I confronted my first snake recently. It scooted across the trail right under my nose and into the tall grass border. I stared after it, not quite sure what the heck it was, until I noticed the grass sway a few feet away. That’s when I barked at it, making sure whatever it was wouldn’t come back right away. So there.
Mike laughed. “Scared of a little garter snake, Chloë?” he asked mockingly. “What would you do if you saw a real snake?”
He had a point. I had to buckle up. So on every walk since I have practiced dealing with snakes by staking out inanimate objects that I think might be snakes, such as grass stalks, twigs, twisted-up plastic bags and one of those self-coiling hoses. I sneak up on each one, slowly, and then pounced expectantly, only to find out it was not a snake, just a grass stalk, a twig, a twisted-up plastic bag or a self-coiling hose.

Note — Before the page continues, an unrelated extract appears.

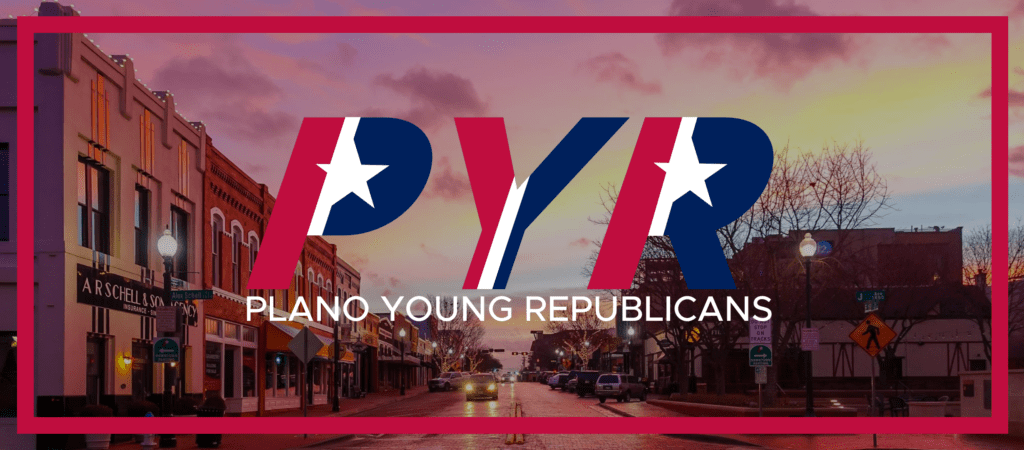plano young republicans banner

But I hadn’t racked up any losses, either, so I was feeling some false bravado when we encountered another garter snake in the park. Once again, I was skittish throughout the experience. And then Mike showed me an item from the Seattle Times: A python was loose in another Seattle park!

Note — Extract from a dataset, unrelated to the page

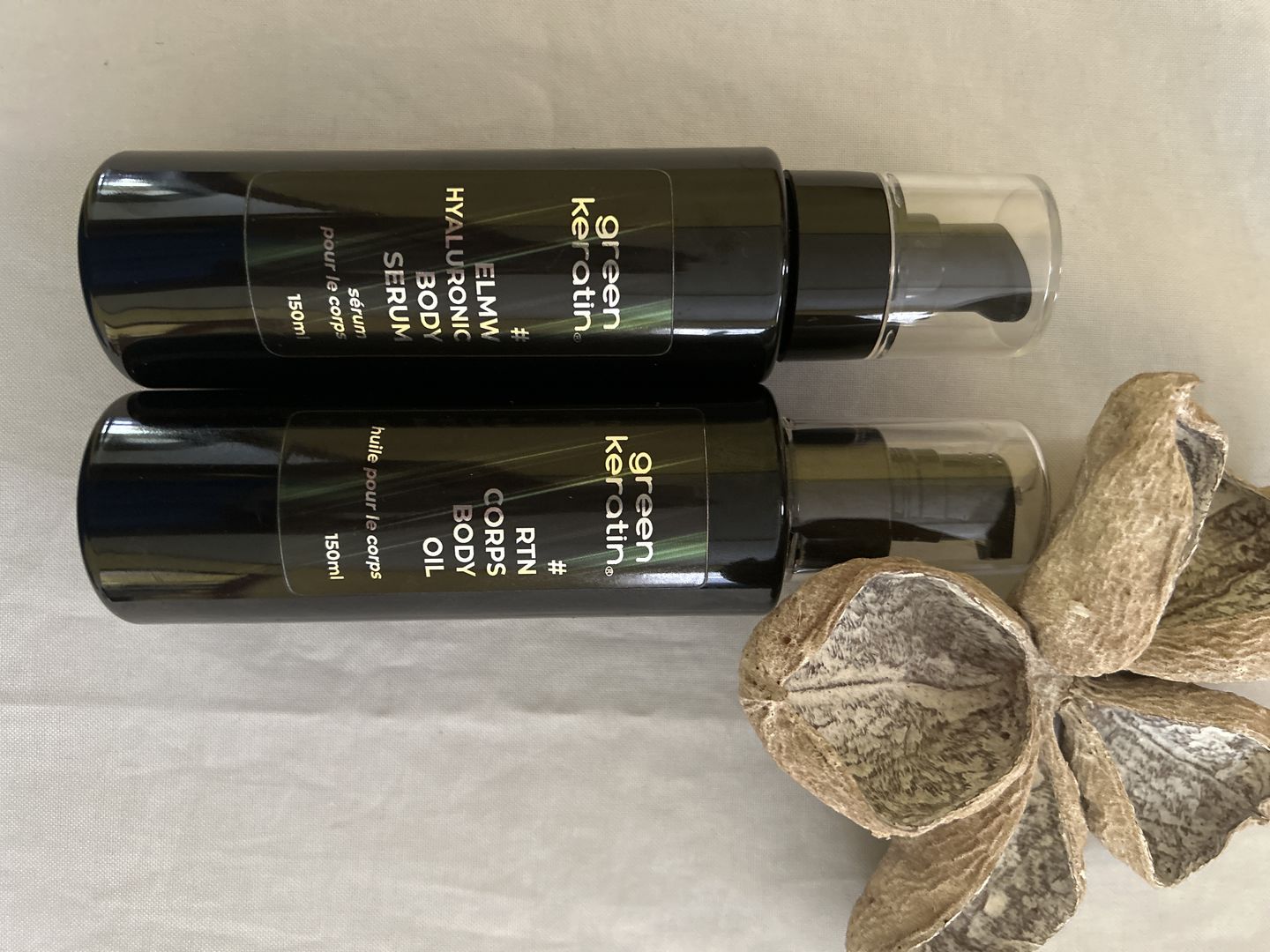 Customer photo review of #RTN 0.5% - Huile pour corps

“Police initially identified the snake as a Burmese python, but Don Jordan, director of Seattle Animal Control, said the reptile is actually a relative, a reticulated python,” the article said. “Pythons are not venomous. They kill by constriction, grasping a victim with their teeth, coiling around the animal and squeezing until it suffocates. The natives of Southeast Asia are carnivores, surviving primarily on small mammals and birds.”
Then came the most important part: ” Jordan said the reptile could be a threat to small cats or dogs.” (My emphasis added.)